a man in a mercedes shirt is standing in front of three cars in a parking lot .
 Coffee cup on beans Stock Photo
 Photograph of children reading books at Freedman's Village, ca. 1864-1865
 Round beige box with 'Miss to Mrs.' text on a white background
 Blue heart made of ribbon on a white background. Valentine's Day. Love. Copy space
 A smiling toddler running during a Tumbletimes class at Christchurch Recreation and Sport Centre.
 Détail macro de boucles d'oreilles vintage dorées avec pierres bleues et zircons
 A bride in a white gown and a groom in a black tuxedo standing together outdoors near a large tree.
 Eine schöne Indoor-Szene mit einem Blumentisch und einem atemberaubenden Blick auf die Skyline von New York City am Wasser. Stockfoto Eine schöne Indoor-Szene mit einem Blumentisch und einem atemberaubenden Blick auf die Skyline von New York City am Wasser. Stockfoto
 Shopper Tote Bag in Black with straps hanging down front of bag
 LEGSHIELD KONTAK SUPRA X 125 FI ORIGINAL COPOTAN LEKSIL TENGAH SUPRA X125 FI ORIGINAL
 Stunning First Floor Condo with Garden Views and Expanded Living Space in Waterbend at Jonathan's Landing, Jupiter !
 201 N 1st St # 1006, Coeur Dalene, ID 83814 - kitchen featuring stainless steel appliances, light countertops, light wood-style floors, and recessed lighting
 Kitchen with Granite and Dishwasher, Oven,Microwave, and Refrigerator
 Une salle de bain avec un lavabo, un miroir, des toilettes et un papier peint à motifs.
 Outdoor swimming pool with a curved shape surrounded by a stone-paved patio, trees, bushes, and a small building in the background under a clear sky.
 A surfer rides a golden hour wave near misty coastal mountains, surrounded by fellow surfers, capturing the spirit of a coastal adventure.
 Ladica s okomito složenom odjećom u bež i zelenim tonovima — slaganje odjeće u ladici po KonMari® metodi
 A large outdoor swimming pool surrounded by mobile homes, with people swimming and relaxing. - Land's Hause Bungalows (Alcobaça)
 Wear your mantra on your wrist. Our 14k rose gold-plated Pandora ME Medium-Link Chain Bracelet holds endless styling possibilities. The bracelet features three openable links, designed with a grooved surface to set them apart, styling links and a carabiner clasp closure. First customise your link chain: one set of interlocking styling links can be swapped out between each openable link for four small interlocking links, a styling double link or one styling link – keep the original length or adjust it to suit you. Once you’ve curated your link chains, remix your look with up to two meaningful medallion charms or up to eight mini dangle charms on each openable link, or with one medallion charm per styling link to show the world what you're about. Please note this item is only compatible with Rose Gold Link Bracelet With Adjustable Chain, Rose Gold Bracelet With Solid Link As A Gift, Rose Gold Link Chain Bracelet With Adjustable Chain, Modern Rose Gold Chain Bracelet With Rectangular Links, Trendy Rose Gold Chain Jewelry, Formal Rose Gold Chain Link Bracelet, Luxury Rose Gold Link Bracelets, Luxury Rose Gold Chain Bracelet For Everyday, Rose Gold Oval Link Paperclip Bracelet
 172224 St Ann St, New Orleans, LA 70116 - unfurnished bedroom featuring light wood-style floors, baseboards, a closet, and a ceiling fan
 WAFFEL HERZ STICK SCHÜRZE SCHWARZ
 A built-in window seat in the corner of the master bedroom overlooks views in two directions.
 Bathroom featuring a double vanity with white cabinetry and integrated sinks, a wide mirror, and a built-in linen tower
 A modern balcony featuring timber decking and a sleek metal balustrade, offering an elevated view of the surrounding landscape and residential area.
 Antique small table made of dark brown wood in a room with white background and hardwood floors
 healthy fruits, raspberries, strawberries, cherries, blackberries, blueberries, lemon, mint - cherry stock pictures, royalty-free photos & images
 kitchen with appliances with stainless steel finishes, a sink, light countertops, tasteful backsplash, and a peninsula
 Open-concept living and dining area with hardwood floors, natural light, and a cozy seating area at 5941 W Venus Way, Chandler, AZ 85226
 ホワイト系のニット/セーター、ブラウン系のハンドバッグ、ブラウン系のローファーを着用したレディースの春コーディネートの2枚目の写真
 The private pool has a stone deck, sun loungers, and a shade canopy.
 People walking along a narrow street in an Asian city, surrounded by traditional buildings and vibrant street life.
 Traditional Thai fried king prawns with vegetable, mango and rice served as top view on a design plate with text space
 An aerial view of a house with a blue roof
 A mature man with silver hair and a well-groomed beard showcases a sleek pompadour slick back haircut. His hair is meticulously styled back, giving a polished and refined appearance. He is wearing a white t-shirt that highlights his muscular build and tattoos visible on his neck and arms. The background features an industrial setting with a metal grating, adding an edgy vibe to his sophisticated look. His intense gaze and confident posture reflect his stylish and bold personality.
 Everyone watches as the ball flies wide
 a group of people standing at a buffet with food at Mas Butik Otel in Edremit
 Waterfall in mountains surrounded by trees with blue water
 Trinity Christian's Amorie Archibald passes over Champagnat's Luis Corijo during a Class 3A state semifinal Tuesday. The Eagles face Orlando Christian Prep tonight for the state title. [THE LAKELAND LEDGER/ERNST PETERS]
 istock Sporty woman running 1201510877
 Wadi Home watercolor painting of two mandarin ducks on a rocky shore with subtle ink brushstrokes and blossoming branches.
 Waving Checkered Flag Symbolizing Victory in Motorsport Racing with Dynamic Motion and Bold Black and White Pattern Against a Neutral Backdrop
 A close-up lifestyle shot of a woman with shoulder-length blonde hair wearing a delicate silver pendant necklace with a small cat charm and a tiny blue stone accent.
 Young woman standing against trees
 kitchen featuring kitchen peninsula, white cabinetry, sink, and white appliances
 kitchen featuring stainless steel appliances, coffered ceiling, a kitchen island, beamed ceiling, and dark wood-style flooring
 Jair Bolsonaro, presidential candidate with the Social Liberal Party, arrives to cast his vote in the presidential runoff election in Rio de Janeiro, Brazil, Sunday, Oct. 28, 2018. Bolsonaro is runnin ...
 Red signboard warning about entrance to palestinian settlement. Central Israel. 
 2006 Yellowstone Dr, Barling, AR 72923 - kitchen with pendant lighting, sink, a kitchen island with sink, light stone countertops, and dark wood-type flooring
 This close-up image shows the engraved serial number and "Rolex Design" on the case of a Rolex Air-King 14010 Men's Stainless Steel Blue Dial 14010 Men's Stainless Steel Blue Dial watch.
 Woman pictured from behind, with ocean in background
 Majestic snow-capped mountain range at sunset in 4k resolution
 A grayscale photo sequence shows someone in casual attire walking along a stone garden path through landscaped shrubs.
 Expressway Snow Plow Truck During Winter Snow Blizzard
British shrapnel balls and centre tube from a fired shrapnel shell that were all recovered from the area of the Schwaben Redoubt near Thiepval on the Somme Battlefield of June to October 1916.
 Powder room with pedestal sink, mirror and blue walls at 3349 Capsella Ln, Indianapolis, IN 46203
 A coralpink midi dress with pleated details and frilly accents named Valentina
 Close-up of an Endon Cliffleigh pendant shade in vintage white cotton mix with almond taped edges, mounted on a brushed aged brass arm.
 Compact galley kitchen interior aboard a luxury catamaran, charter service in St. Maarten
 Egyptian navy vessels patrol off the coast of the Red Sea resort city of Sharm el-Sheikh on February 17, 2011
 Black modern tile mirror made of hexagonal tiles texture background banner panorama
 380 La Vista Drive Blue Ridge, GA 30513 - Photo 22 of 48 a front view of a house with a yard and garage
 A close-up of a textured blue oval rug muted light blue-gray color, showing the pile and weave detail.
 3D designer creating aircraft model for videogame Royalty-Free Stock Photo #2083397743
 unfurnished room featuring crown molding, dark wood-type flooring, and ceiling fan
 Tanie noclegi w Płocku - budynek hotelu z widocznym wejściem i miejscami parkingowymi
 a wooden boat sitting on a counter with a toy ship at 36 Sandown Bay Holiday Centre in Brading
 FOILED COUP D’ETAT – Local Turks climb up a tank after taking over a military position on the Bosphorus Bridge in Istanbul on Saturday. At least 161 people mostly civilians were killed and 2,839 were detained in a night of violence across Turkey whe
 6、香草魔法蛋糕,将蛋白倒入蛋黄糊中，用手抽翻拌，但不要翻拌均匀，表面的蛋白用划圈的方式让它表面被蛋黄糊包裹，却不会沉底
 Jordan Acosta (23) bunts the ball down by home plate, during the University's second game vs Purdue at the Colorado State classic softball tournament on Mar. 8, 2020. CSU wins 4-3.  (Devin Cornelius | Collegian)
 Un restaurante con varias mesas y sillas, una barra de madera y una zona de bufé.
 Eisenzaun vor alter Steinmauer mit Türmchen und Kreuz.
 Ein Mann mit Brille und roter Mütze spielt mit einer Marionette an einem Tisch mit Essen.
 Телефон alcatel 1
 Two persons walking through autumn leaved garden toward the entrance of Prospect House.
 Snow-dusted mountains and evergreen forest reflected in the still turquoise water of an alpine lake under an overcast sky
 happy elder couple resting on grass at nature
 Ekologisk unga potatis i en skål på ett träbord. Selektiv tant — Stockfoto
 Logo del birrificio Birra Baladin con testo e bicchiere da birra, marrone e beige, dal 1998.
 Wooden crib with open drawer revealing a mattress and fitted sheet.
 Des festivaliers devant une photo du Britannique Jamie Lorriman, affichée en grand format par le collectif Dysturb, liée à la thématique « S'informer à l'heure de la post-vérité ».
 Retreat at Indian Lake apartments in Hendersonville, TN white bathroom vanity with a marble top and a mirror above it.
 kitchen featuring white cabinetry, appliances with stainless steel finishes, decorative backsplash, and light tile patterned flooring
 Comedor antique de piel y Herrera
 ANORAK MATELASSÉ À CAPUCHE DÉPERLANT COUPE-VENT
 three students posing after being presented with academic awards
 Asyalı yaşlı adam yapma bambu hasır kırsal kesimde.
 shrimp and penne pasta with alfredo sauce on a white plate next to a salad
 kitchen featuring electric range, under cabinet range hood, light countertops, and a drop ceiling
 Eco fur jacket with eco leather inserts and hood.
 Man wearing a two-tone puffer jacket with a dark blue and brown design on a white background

──────

◆ WHAT THE TASK REQUIRES:
In the records above, find the line with "Antique small table"; write out exactly that line and each one after it, stopping after the line with "Waving Checkered Flag".

◆ YOUR RESPONSE:
 Antique small table made of dark brown wood in a room with white background and hardwood floors
 healthy fruits, raspberries, strawberries, cherries, blackberries, blueberries, lemon, mint - cherry stock pictures, royalty-free photos & images
 kitchen with appliances with stainless steel finishes, a sink, light countertops, tasteful backsplash, and a peninsula
 Open-concept living and dining area with hardwood floors, natural light, and a cozy seating area at 5941 W Venus Way, Chandler, AZ 85226
 ホワイト系のニット/セーター、ブラウン系のハンドバッグ、ブラウン系のローファーを着用したレディースの春コーディネートの2枚目の写真
 The private pool has a stone deck, sun loungers, and a shade canopy.
 People walking along a narrow street in an Asian city, surrounded by traditional buildings and vibrant street life.
 Traditional Thai fried king prawns with vegetable, mango and rice served as top view on a design plate with text space
 An aerial view of a house with a blue roof
 A mature man with silver hair and a well-groomed beard showcases a sleek pompadour slick back haircut. His hair is meticulously styled back, giving a polished and refined appearance. He is wearing a white t-shirt that highlights his muscular build and tattoos visible on his neck and arms. The background features an industrial setting with a metal grating, adding an edgy vibe to his sophisticated look. His intense gaze and confident posture reflect his stylish and bold personality.
 Everyone watches as the ball flies wide
 a group of people standing at a buffet with food at Mas Butik Otel in Edremit
 Waterfall in mountains surrounded by trees with blue water
 Trinity Christian's Amorie Archibald passes over Champagnat's Luis Corijo during a Class 3A state semifinal Tuesday. The Eagles face Orlando Christian Prep tonight for the state title. [THE LAKELAND LEDGER/ERNST PETERS]
 istock Sporty woman running 1201510877
 Wadi Home watercolor painting of two mandarin ducks on a rocky shore with subtle ink brushstrokes and blossoming branches.
 Waving Checkered Flag Symbolizing Victory in Motorsport Racing with Dynamic Motion and Bold Black and White Pattern Against a Neutral Backdrop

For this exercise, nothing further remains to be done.